- _DESCRIPTION OF THE TASK_
For the material below, return exactly the lines starting at the line containing "5TDYK3DC1ES424813 - 2014" and ending at the line containing "Construction de l'hôtel", both ends included, and no others.

- _RECORDS SHOWN_

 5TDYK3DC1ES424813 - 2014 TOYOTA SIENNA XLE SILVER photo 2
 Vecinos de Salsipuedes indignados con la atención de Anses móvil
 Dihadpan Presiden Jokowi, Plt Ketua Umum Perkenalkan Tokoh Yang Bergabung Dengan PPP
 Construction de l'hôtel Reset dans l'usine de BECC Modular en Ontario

---

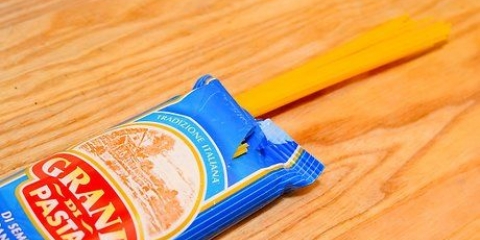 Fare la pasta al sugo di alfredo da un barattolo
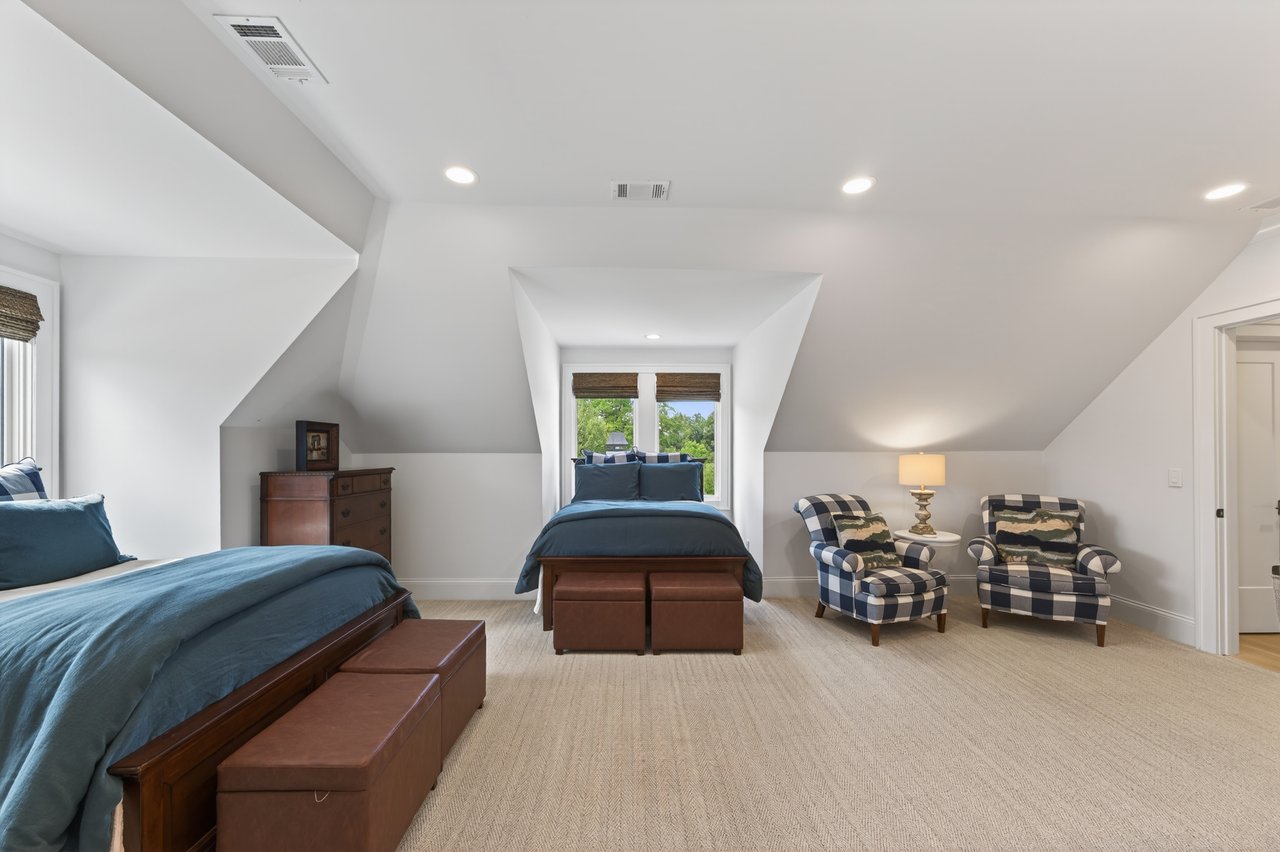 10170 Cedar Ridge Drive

- _TASK RESPONSE_
 5TDYK3DC1ES424813 - 2014 TOYOTA SIENNA XLE SILVER photo 2
 Vecinos de Salsipuedes indignados con la atención de Anses móvil
 Dihadpan Presiden Jokowi, Plt Ketua Umum Perkenalkan Tokoh Yang Bergabung Dengan PPP
 Construction de l'hôtel Reset dans l'usine de BECC Modular en Ontario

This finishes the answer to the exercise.